Таким образом, я очутилась в Самарском остроге, пока в общей женской камере с уголовными; очевидно, администрация не подготовилась к таким многочисленным арестам, да еще женщин. Меня провезли через Саратов, Тамбов в Москву, где продержали 1/2 года, а затем в Петербург, где продержали три года.

Стоит остановиться на эпизоде моего знакомства с знаменитым впоследствии Судейкиным. Когда два жандарма привезли меня в Саратов, то вместо того, чтобы ввергнуть в узилище, меня посадили в гостиной жандармского полковника Гусева, подали кофе, и дочь полковника Гусева, молодая женщина, вышла в гостиную занимать разговором, как будто бы я приехала к ней с визитом; как ни молода я была и как ни мало знала жизнь, все же это вызвало во мне большое недоумение; когда же вслед за дочерью Гусева вошел муж ее, молодой блестящий офицер Судейкин, и в разговор стал вставлять неожиданно вопросы, то я поняла, что значит вся эта жандармская любезность и, конечно, насторожилась. В Москве, против Охотного ряда, во дворе старого дома помещалась гостиница «Лондон»; в ней было снято помещение для следственной комиссии, возглавляемой прокурором Жихаревым и жандармским полковником Слезкиным. Принимая во внимание, что все движение 1873-74 годов было стихийно, не организованно, не было выработано никаких правил поведения на случай возможности ареста, всякий держал себя на допросах, как умел и как мог, и не мудрено, что 16-летние юноши, как, например, Рабинович, под ловким давлением жандармов не выдерживали и начинали давать откровенные показания, а потом испытывали жестокие мучения совести.

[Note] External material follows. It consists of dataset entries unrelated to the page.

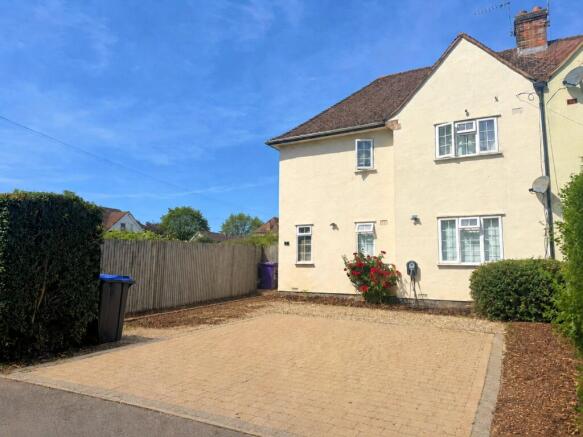 3 bed property, in Gun Road Gardens, £565,000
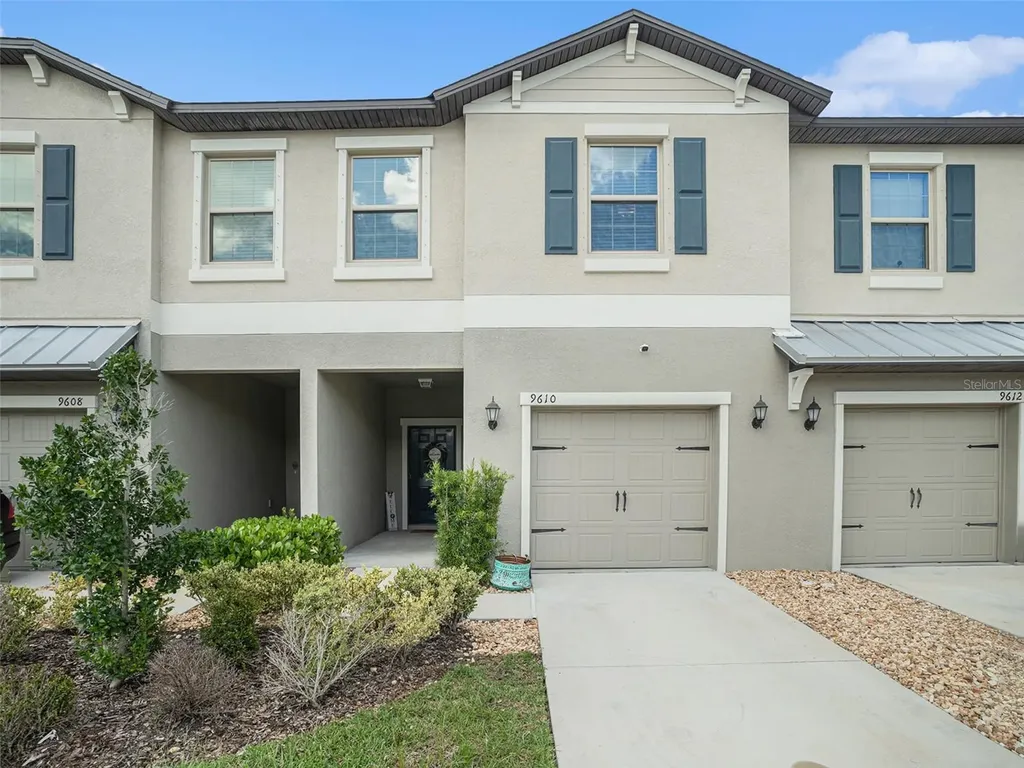 9610 Pembrooke Pines Drive Sun City Center FL 33573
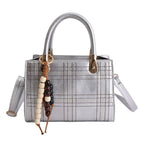 Damen Mini-Handtasche mit eleganter Struktur und goldenen Akzenten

Я вначале совсем отказалась давать какие-либо показания и, кажется, с полгода держалась этой тактики; затем, когда меня вновь вызвали на допрос, и когда я увидела, что многое известно из показаний товарищей, я попыталась дать показания путем подтверждения вполне установленных фактов; но когда комиссия стала ловить меня, я вновь отказалась на этот раз уже в резкой форме; комиссия обозлилась и оставила меня в покое до суда. На поруки, конечно, не выпустили.

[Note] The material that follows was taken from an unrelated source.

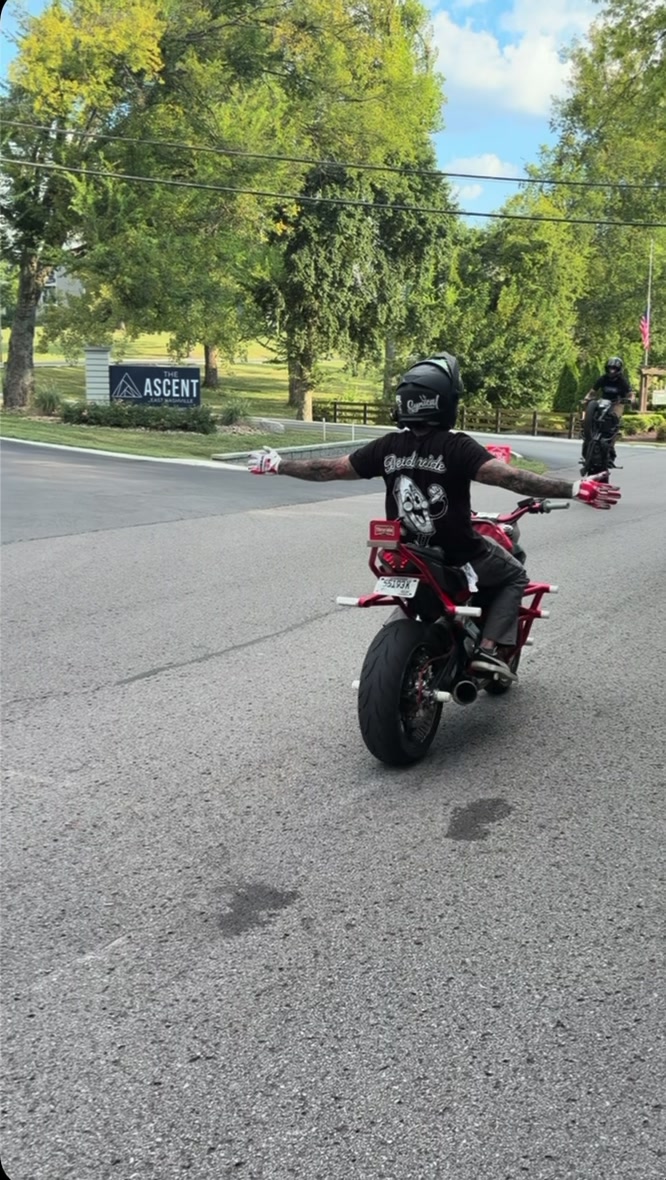 @Cody_cant_wheelie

Тюремное заключение дало бы свой плюс, если б продолжалось не так долго и не подорвало на некоторое время здоровый от природы организм. Оно дало возможность пересмотреть на досуге свой умственный багаж и значительно пополнить свои знания. Нашлась возможность прочесть I том «Капитала» Маркса, «Всемирную историю» Шлоссера, «Историю философии» Куно Фишера и т. д. На воле, конечно, не нашлось бы времени читать такие капитальные вещи. В Москве первое время пришлось совсем сидеть без книг; это было очень тяжело, но потом у меня нашелся двоюродный брат — либерал, сам пострадавший в студенческих беспорядках 1861 года; он снабдил меня небольшой библиотечкой в 15 книг, которая и спасла меня от разъедающей душу скуки тюремного заключения; библиотечка эта так и осталась у жандармов; брату ее не возвратили.

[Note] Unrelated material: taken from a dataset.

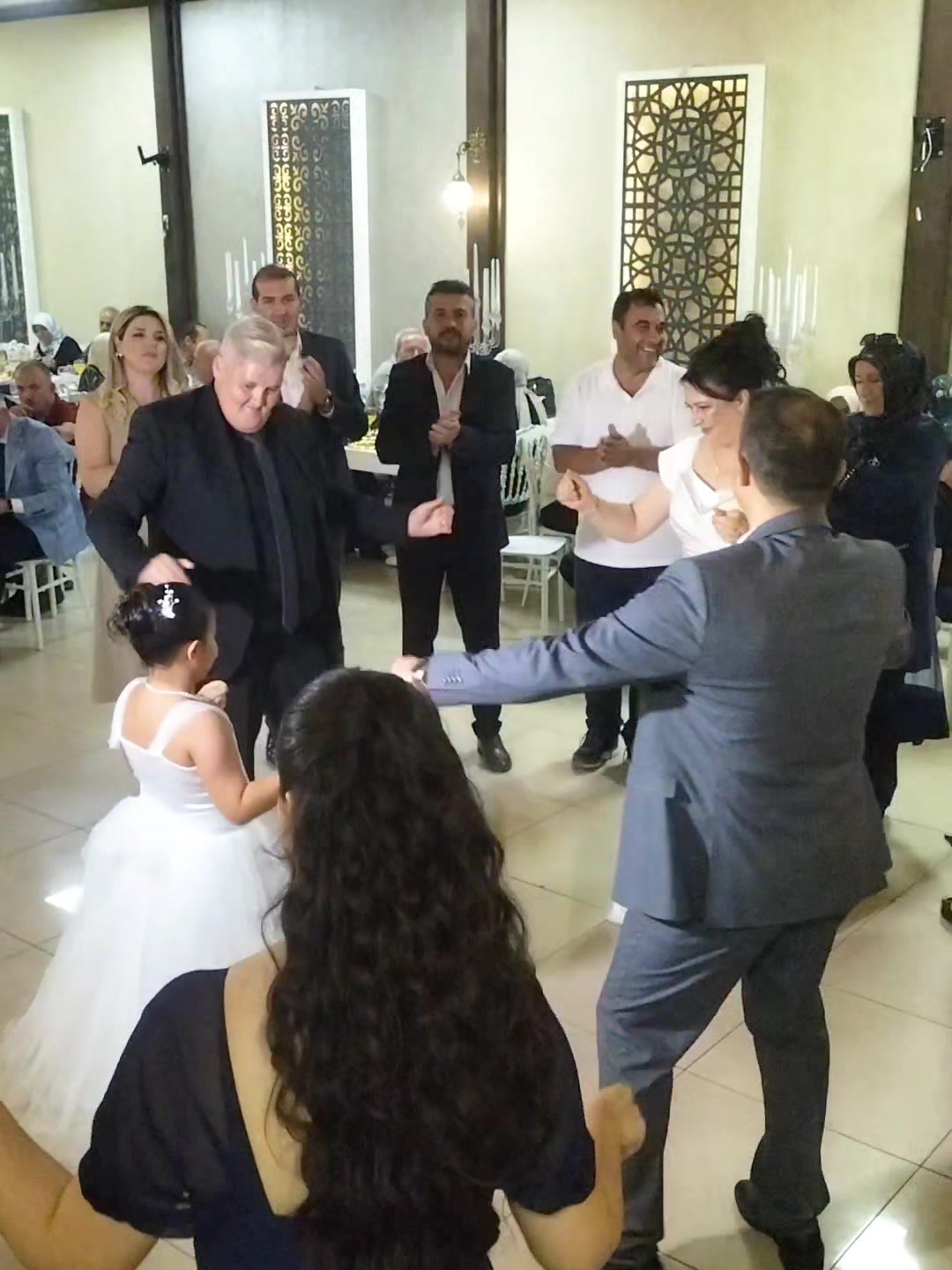 Gelin ve damat dansı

Время шло, и, наконец, к концу (1877 г.) заключения вручили обвинительные акты. Это были толстые объемистые тетради в пол-листа. Я сидела в это время в Петропавловской крепости в Трубецком бастионе; надо мною сначала сидел Сидорацкий, а потом Брешковская, сбоку сидела Блавдзевич. В один прекрасный день меня пригласили знакомиться с делом, ввели в тот зал со сводами, где обыкновенно давали свиданья. К великой радости я увидела здесь Супинскую, Мышкина, Ковалика, Войнаральского. Они сидели за большим общим столом и казались погруженными в огромные папки с делами. На этих сеансах присутствовал молодой сенатский секретарь, но он, конечно, не мог сдержать общей радости свиданья. Шутки и остроты так и сыпались во время этих чтений; все как бы ожили душой. Это продолжалось недолго. Меня увезли в Дом предварительного заключения, так как приближалось время суда. Здесь я впервые познакомилась с Анной Васильевной Якимовой, так называемой «Баской», впоследствии примкнувшей к народовольцам. Это была тогда совсем еще юная нетронутая жизнью, веселая, жизнерадостная девушка; она выбежала навстречу мне, а вслед за ней и Брешковская.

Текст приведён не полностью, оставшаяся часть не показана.